[SUPPLIED DATA]
- - -
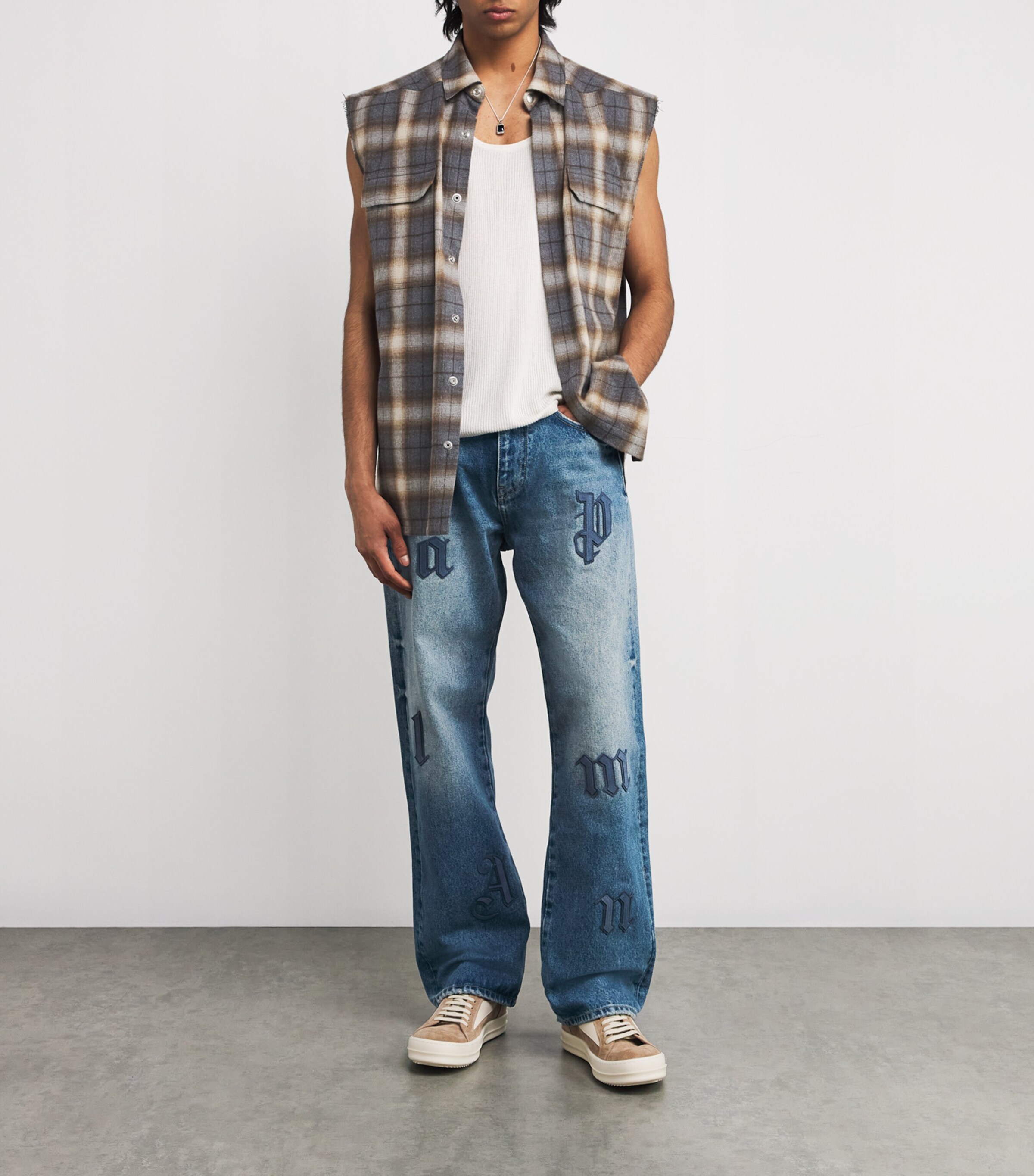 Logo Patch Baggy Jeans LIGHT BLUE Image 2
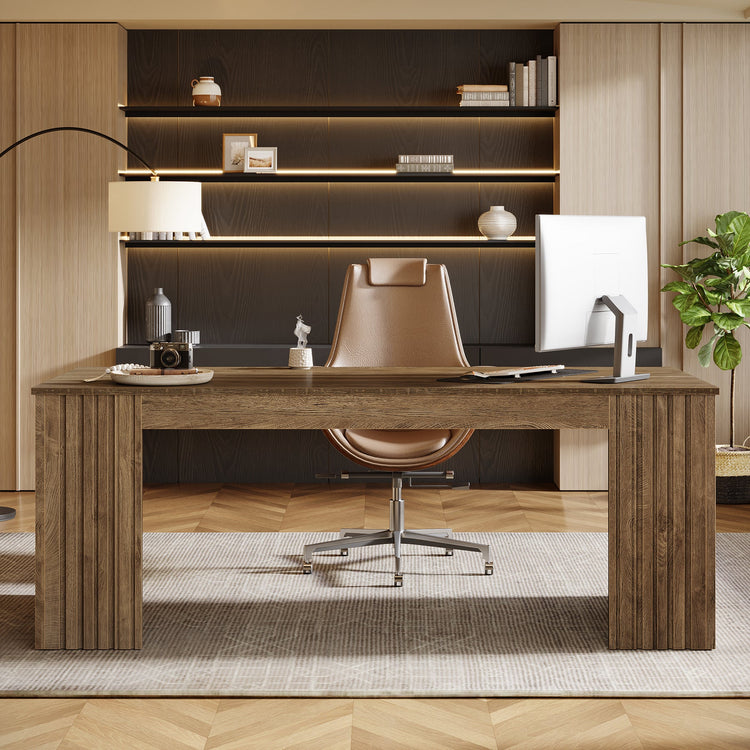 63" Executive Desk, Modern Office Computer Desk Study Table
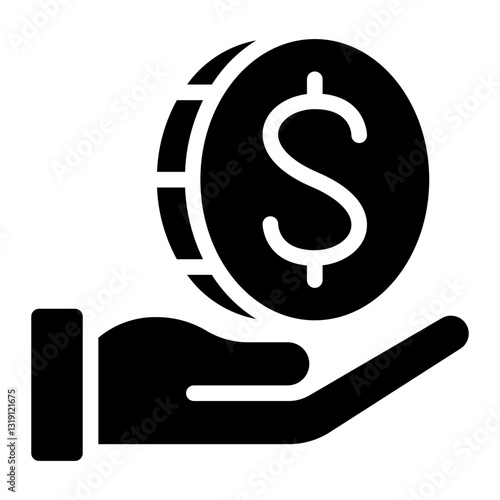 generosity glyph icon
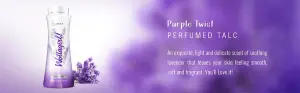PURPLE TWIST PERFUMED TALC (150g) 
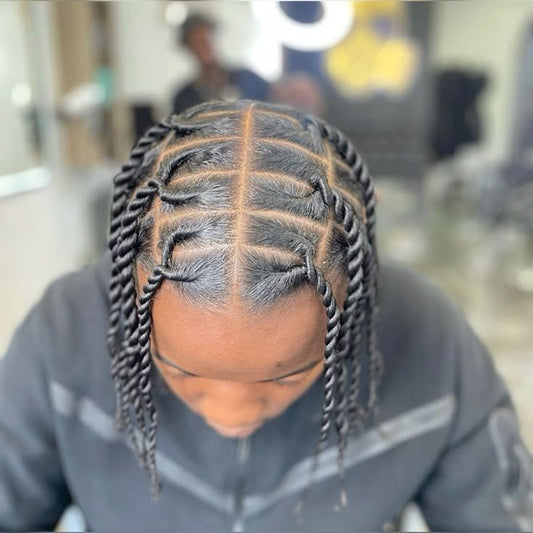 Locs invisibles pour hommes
- - -
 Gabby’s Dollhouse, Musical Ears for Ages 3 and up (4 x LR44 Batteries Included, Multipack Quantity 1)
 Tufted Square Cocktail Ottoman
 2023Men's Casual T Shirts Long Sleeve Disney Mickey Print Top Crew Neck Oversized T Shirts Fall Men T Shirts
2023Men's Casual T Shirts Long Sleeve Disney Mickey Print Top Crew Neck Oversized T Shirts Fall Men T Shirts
- - -
[PROBLEM] With the pictures omitted, copy the entries above exactly from the line containing "Logo Patch Baggy Jeans LIGHT BLUE Image 2" through the line containing "Locs invisibles pour hommes", both lines included.

[REPLY]
 Logo Patch Baggy Jeans LIGHT BLUE Image 2
 63" Executive Desk, Modern Office Computer Desk Study Table
 generosity glyph icon
PURPLE TWIST PERFUMED TALC (150g) 
 Locs invisibles pour hommes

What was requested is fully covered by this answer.